◆ Action item
Using the records below, quote only the span that opens with the line containing "NWT Daniel Rainn Koda Split Neck Blouse S" and closes with the line containing "Building Photo - 6704 Golden Oak Ln", exactly and inclusively.

***** Data in this exercise

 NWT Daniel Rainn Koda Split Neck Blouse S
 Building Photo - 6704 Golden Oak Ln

**********
***** Data in this exercise

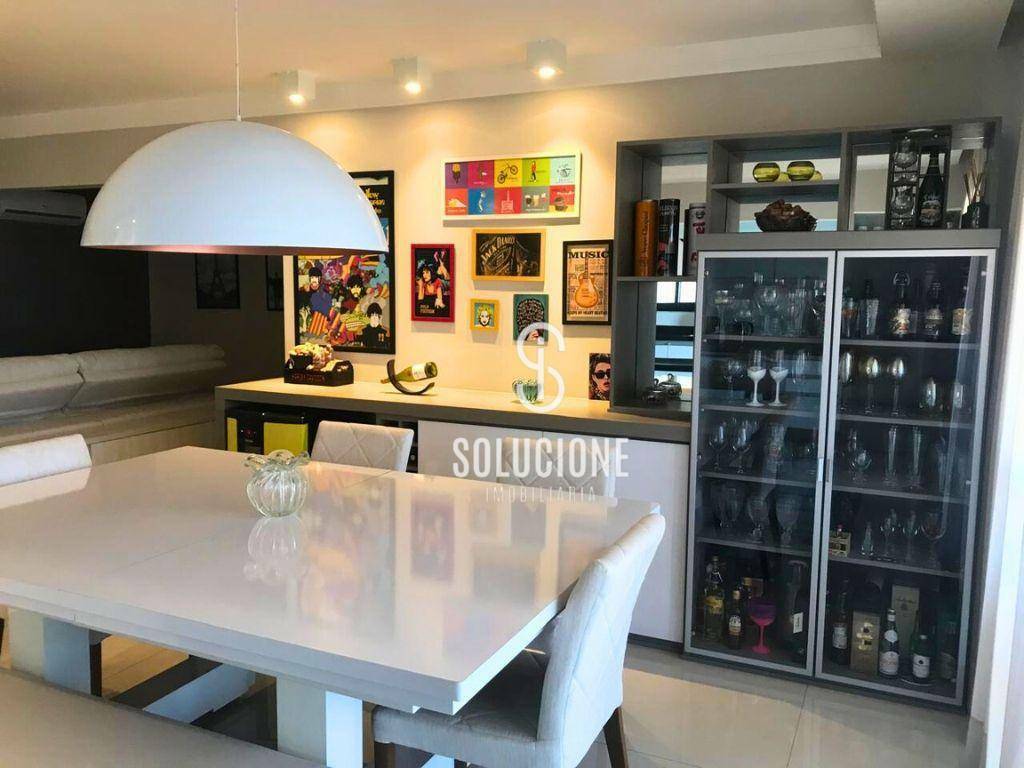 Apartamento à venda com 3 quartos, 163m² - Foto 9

**********

◆ Task response
 NWT Daniel Rainn Koda Split Neck Blouse S
 Building Photo - 6704 Golden Oak Ln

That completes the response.